── Records provided ──

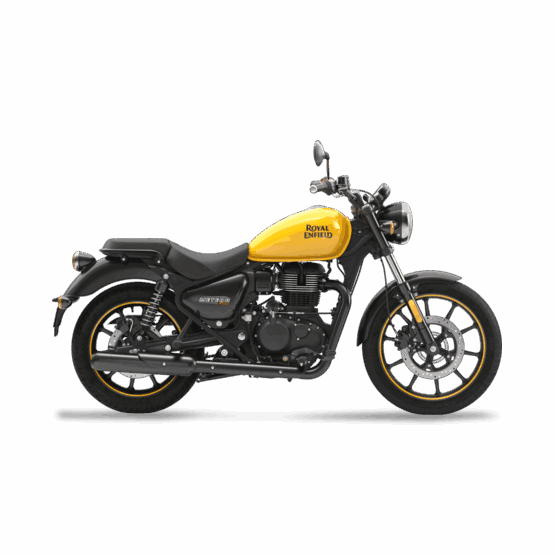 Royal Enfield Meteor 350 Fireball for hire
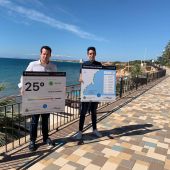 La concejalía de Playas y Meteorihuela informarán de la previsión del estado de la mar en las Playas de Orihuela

───
── Records provided ──

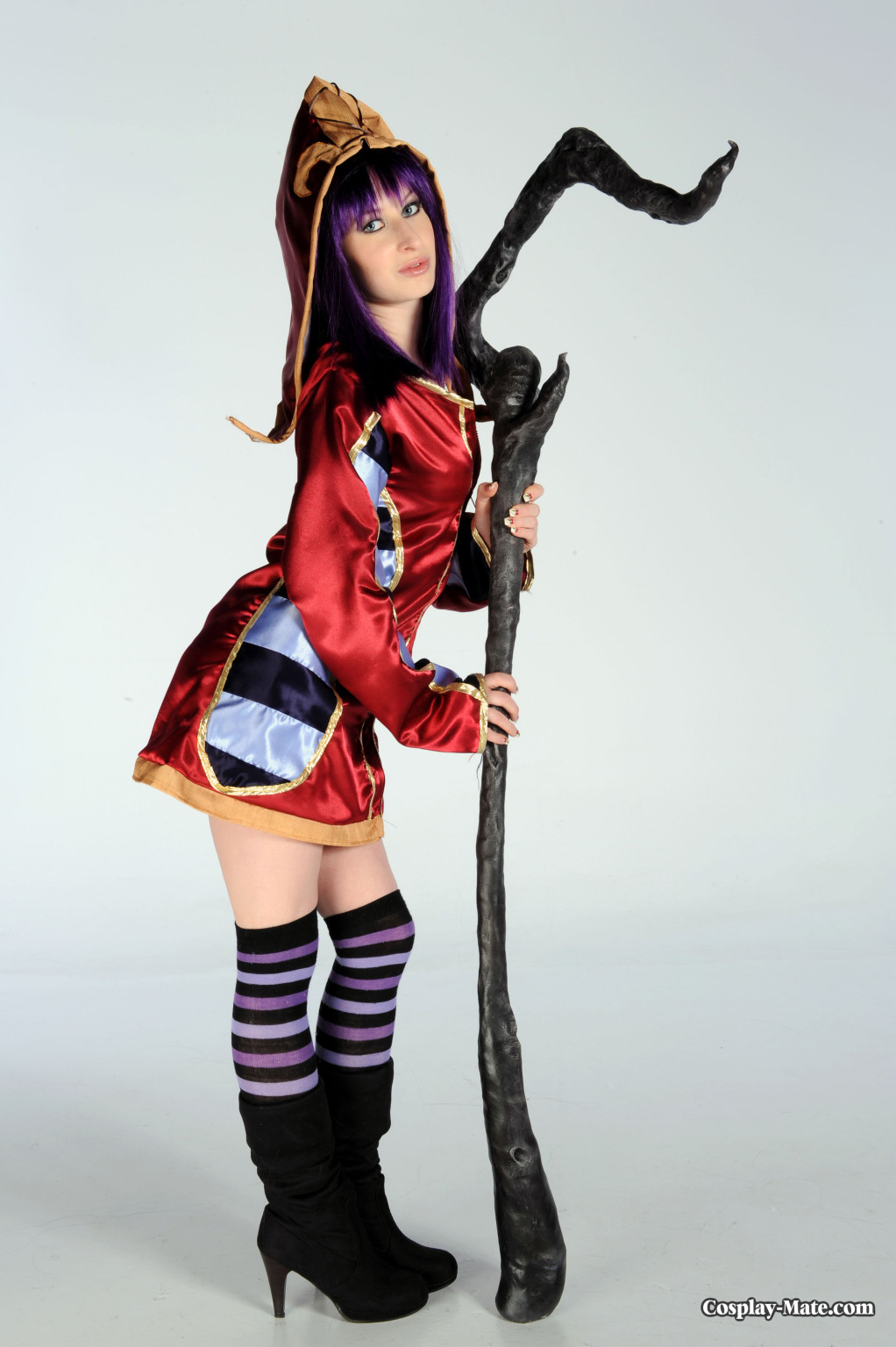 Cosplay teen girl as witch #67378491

───
── Records provided ──

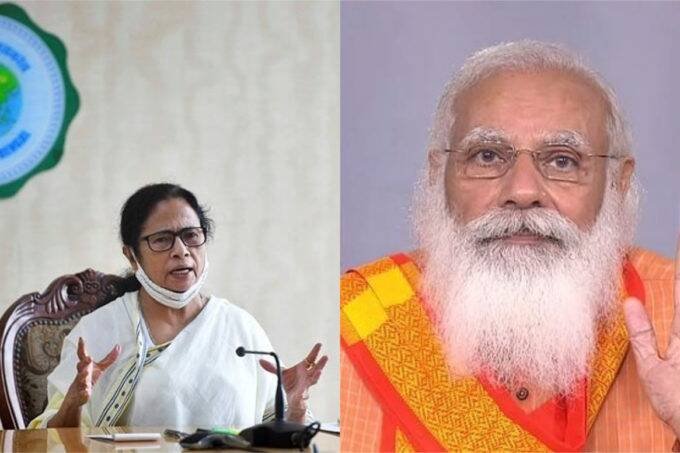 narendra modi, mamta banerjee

───

• **What you are asked to do**
Nothing except the lines from the one containing "Royal Enfield Meteor 350 Fireball for hire" through the one containing "La concejalía de" should appear in the answer, exactly as above and without pictures.

• **Completed exercise**
 Royal Enfield Meteor 350 Fireball for hire
 La concejalía de Playas y Meteorihuela informarán de la previsión del estado de la mar en las Playas de Orihuela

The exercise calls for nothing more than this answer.